Clinicians reviewing the data noted both promise and caution. The adjuvant approach clearly reduced recurrence risk in this molecularly defined population, and the safety profile, while demanding, proved manageable in practice. Yet questions remained unanswered. The choice of three years as the treatment duration lacked clear scientific rationale beyond convention. More pressingly, overall survival data—the ultimate measure of whether patients actually lived longer—remained immature at the time of analysis, meaning the follow-up period was too short to draw firm conclusions. Additionally, the trial did not explore neoadjuvant or perioperative strategies, approaches increasingly used in resectable lung cancer that might offer alternatives to prolonged adjuvant therapy.
The LIBRETTO-432 results open a door for RET-mutant lung cancer patients but do not yet fully answer whether this door leads to longer life. The field will watch closely as survival data mature and as clinicians weigh the substantial toxicity burden against the clear reduction in early recurrence.
Citações Notáveis
The adjuvant approach clearly reduced recurrence risk in this molecularly defined population, and the safety profile, while demanding, proved manageable in practice.— Clinical commentary on LIBRETTO-432 results
A Conversa do Hearth Outra perspectiva sobre a história
Why does the RET mutation matter enough to test a whole new drug strategy?

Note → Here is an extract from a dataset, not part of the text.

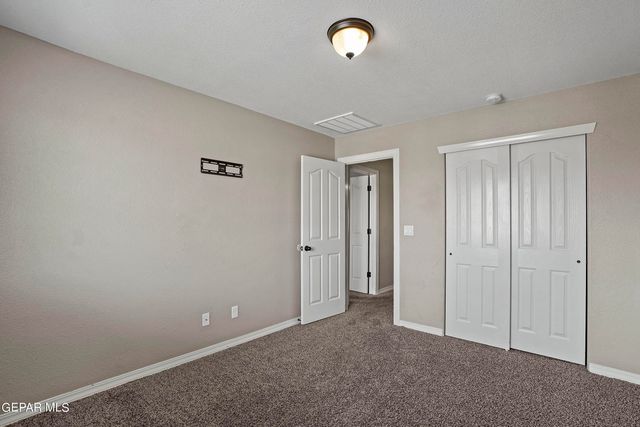 2237 LEAFY POINT Place, El Paso, TX 79938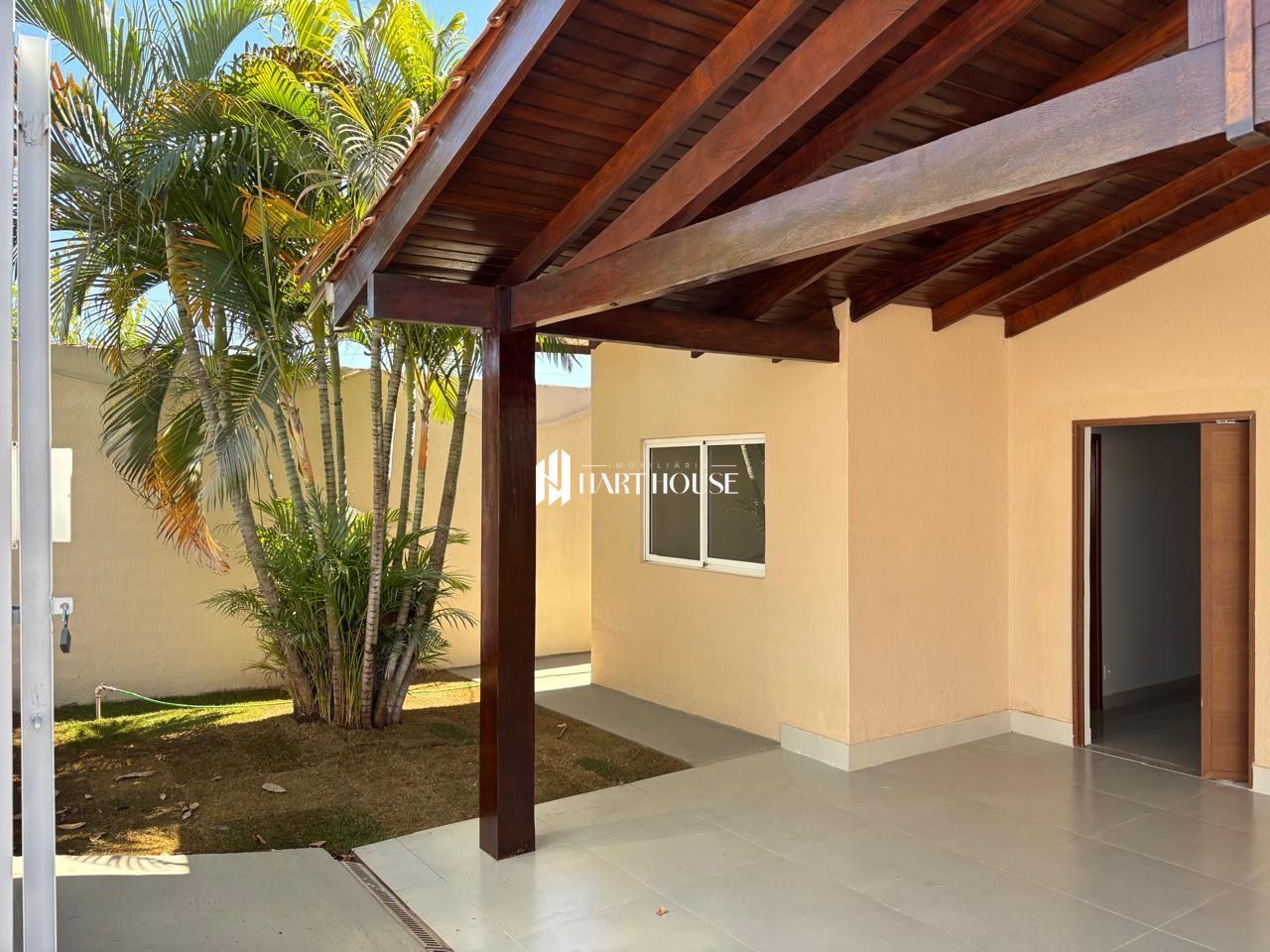Casa com 4 Dormitórios à venda, 180 m² por R$ 700.000,00 Casa com 4 Dormitórios à venda, 180 m² por R$ 700.000,00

RET is a driver gene—it actively pushes cancer cells to grow. When you have a RET fusion, the cancer is dependent on that signal. Block it, and you starve the tumor. The problem is that until now, we didn't have good targeted options for RET in the adjuvant setting, the period right after surgery when we're trying to prevent recurrence.
The recurrence numbers are impressive—5 percent versus 26 percent. But why is the toxicity so high?
Selpercatinibe is a kinase inhibitor. It's a blunt instrument in some ways. It hits RET hard, but it also affects other pathways, particularly in the liver. You're asking patients to take this drug for three years, and their bodies are working overtime to process it. That's why we see so much liver enzyme elevation.
Seventeen percent of patients had to stop the drug completely. Doesn't that undermine the benefit?
It's a real tension. The patients who stayed on it got tremendous benefit. But yes, one in six couldn't tolerate it long-term. And we don't know if those who stopped early still got protection, or if they're at higher risk now.
You mentioned overall survival data are immature. What does that actually mean?
It means not enough patients have died yet to know whether this recurrence prevention translates into people living longer. You can prevent cancer from coming back and still have the same life expectancy if something else kills you first. We need more time and more events to answer that.
The commentary mentioned neoadjuvant strategies as an alternative. Why wasn't that tested here?
That's the bigger strategic question. Giving treatment before surgery, or around the time of surgery, might be more effective and potentially less toxic than three years of adjuvant therapy. But this trial was designed the way it was. We'll have to wait for other studies to compare approaches.